Euler's $\phi$ function is multiplicative
We define $U_k = \{x\in Z_k \;| \;(x,k)=1\}$ So clearly $\phi(k)=|U_k|$
Let $(m,n)=1$
Want to show : $\phi(mn)=\phi(m)\cdot \phi(n)$ or $|U_{mn}|=|U_m|\cdot |U_n|$
I want to produce a bijection from $U_{mn} \to U_m \times U_n$
I define $$f:U_{mn} \to U_m \times U_n$$
$$f(a \pmod{mn}) = (a \pmod{m}, \;a\pmod{n}) \;\; \forall a\in U_{mn}$$
Note that for $a,b\in U_{mn}$, we have $a=b \iff a \pmod {mn} = b\pmod{mn}$
so let $a,b\in U_{mn}$ such that $a \pmod{mn} =b \pmod{mn} \rightarrow a=b $, then,
$f(a \pmod{mn}) = (a \pmod{m}, \;a\pmod{n}) = (b \pmod{m}, \;b\pmod{n}) = f(b \pmod{mn})$. So it is well defined.

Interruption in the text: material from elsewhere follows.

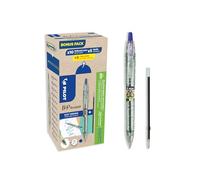 Pack de 10 stylos bille B2P Ecoball Pilot + 10 recharges dont 5 offertes - bleu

Also, if $f(a \pmod{mn}) =f(b \pmod{mn})$ for some $a,b \in U_{mn}$
$\rightarrow (a \pmod{m}, \;a\pmod{n}) = (b \pmod{m}, \;b\pmod{n})$
$\rightarrow a \pmod{m}= b \pmod{m}$ and $a\pmod{n} =b\pmod{n}$
$\rightarrow a\equiv b\pmod m$ and $a\equiv b\pmod n$
Because $(m,n)=1$
$\rightarrow a\equiv b \pmod{mn}$
$\rightarrow a \pmod {mn} = b\pmod{mn}$
$\rightarrow a=b$ because $a,b \in U_{mn}$
So it is injective.
Now let $(a,b) \in U_m \times U_n$
$\rightarrow a\in U_m$ and $b\in U_n$
$\rightarrow (a,m)=1$ and $(b,n)=1$
$now \exists ab \pmod{mn} \in U_{mn}$
such that $f((ab \pmod{mn}) \pmod{mn}) = f(ab \pmod{mn}) = (ab \pmod m, ab\pmod n) = ?$ (Getting stuck here, help please)
Hint: By Bezout's identity there are $x, y\in\Bbb Z$ such that $xm+yn=1$.
Use $x, y$ to express a number $s$ that satisfies $s\equiv a\pmod m$ and $s\equiv b\pmod m$.